Of the few running flats I have seen which in hindsight are definitely running flats, the truncation is small.
There is no guideline as to how large an acceptable truncation may be. My experience says to expect only a small truncation.
Chart should have been attached
SPX bounced right off of 2042.56 – i believe Lara had a 2nd downside target of 2043
Was 61.8% fib retrace..
76.4% is around 2034.90
I’m now SOH until 2022 is taken out or we get close to the upwards target – whichever comes first.
FWIW,
McClellan thinks a significant top was made (last Friday was a desperate attempt by the bulls) and now turned bearish expecting down trend to resume.
For short term traders the smart thing to do now is watch. For the adventurous, option straddles would fit the bill. I think we are going to see a strong move one way or the other overnight so I am executing a few at the money straddles on SPY at 204.50 strike calls and puts in equal amounts. The bulls are hanging on for dear life. Let’s see if they are good for one last pop higher. Good luck everybody!
Vern,
Does the UVXY green close work for you? There was certainly a slew of buying pressure and it closes near the high of the day. Waiting and waiting….
The second green close after a new 52 week low has been a very reliable entry point in the past. If it goes back below 20, I plan on buying another 1000 shares with short term ammo and immediately selling next week’s 20 strike call options on the position for a covered call trade with the intention of getting called away. Another 52 week low would be an amazing buying opportunity.
It will be interesting to see if the banksters step in overnight to goose prices higher for a final wave up. Based on the UVXY price action, although hedging with a straddle, I am leaning towards the bearish camp, but as they say past performance is no guarantee of…well… you know! 🙂
Huge battle erupting over market direction. UVXY creeping back toward 19.17 The immediate bearish case requires a green close.
Let’s see if the bulls can push into the green and so confirm the main bearish count. It looks like they are fighting for dear life! 🙂
Volume Today at the 2:00PM hour is higher than at least the last 10 days. 10 Days is as far back as I had time to test.
Thanks Joseph. I think that is significant and supports the idea that the bears are taking control.
It’s now a certainty… Volume will be higher than yesterday and for the last 10 days… now confirmed!
1,040.177 Million and still rising
SPX Low today 2042.56 so it penetrated 2042.67!

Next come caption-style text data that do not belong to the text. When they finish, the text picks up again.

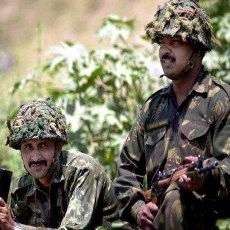 Tentara Pakistan & India Terlibat Baku Tembak di Perbatasan Kashmir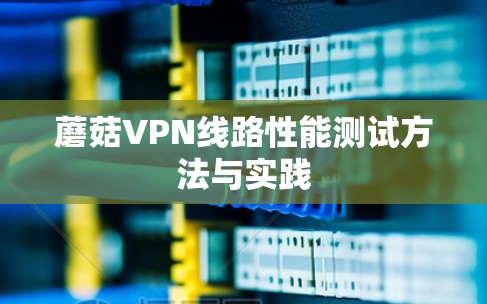 蘑菇VPN线路性能测试方法与实践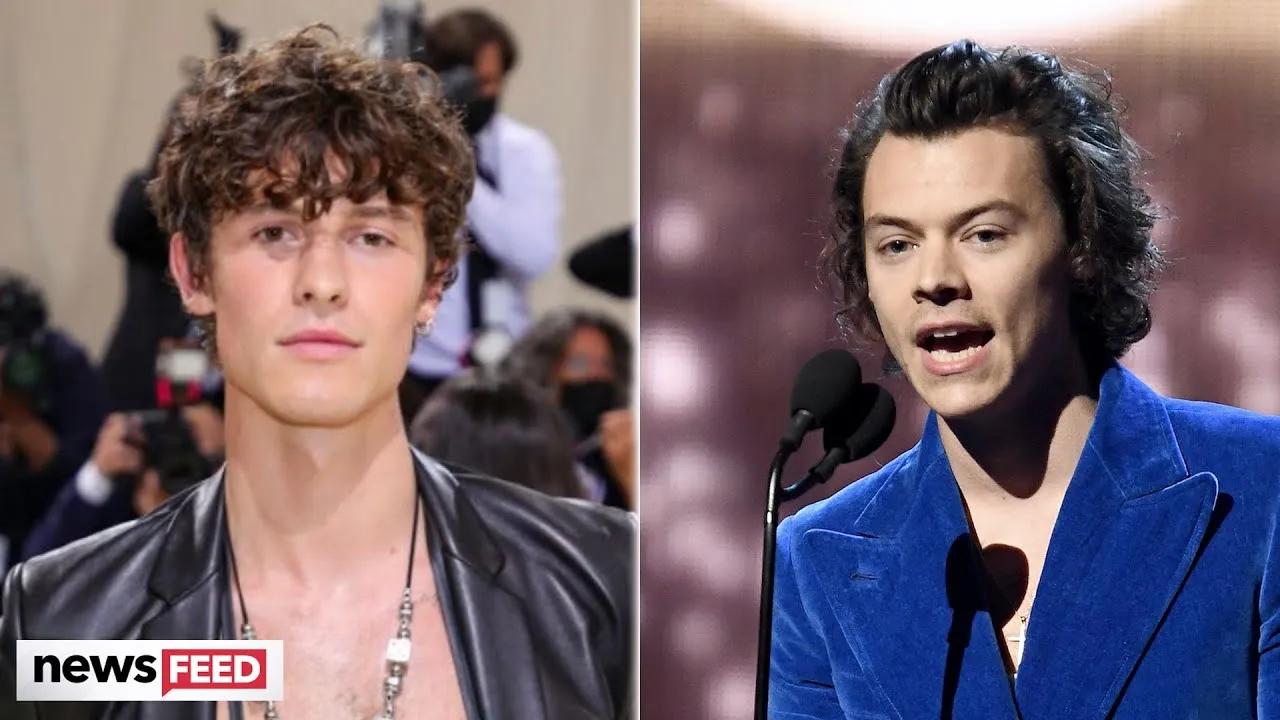 Leaked: What REALLY Happened Between Harry Styles and Shawn Mendes?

There was an announcement of an increase of outstanding shares for TVIX but no such announcement for UVXY. However, I just noticed at the spike high of 91.25 back on September 1 of last year only around 22 million shares were traded. Volume at the February 11 high of 61.92 was almost twice as high at around 40 million. The have clearly added more UVXY shares, and I suspect a bunch of ’em have been sold short. Somebody must have “borrowed” mine! 🙂
Looks like we are headed for the second target of 2043. I expect we will get a reversal there. If we do not, the bears are going to blow out the 2000 pivot. Stand by… 🙂
On the 1 & 5 minute charts, we have formed a descending triangle this morning. If it breaks below the bottom support line of roughly 2045, it gives a target of 2035. We should know in a few minutes if this is going to follow trough to the downside.
Where is Olga when we need her!? 🙂
The triangle seems to be contracting so I agree a break of some sort is coming…

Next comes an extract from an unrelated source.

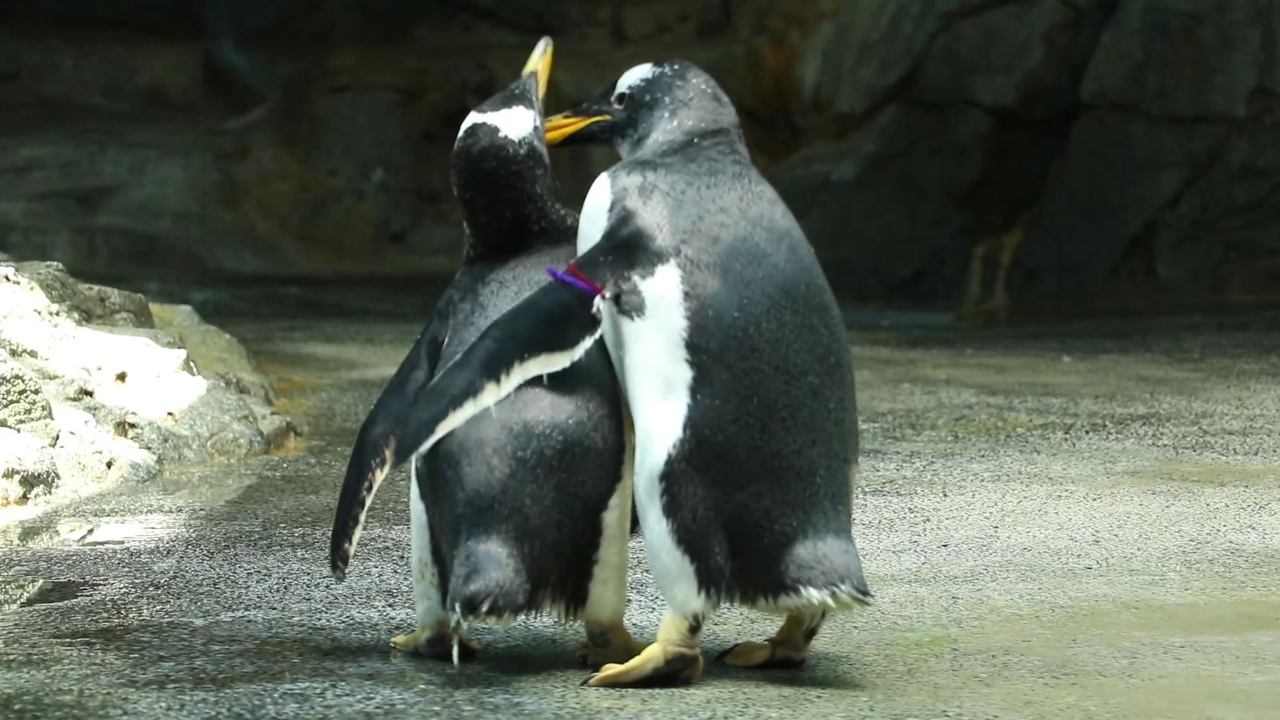 ノーナレ動物動画 ジェンツーペンギン 今から近所でいやらしい事しますのでよろしくお願いします 長崎ペンギン水族館 ニコニコ動画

The pattern has broken out to the upside. Therefore, the expected target is nullified.
UVXY hanging tough. These gaps during corrective moves generally quickly filled. Hmmnn…!
Looks like a solid break away gap. 🙂
So far it’s hanging tough and seeming to find support just above 20…waiting and watching…

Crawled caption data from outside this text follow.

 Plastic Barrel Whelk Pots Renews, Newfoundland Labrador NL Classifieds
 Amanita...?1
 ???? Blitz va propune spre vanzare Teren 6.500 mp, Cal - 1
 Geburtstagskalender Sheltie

According to the wave count, the Y portion of the double zig-zag must be underway and looks to need a new low to complete before a reversal.
The longer we go without a reversal, the higher the chances of a waterfall sell-off into the close…right now the bulls are not looking too sprightly and if we are going to see a new recovery high they really need to get going and I mean soon…if UVXY clears 25 today I think the chances of a new high will be greatly diminished… 🙂
Move down today coming on relatively light volume, probably corrective as per wave count…looking for confirmation with UVXY reversal…
If you compare volume to yesterday at this exact time, Today’s volume is higher than yesterday. So I guess it depends on where today closes in price terms.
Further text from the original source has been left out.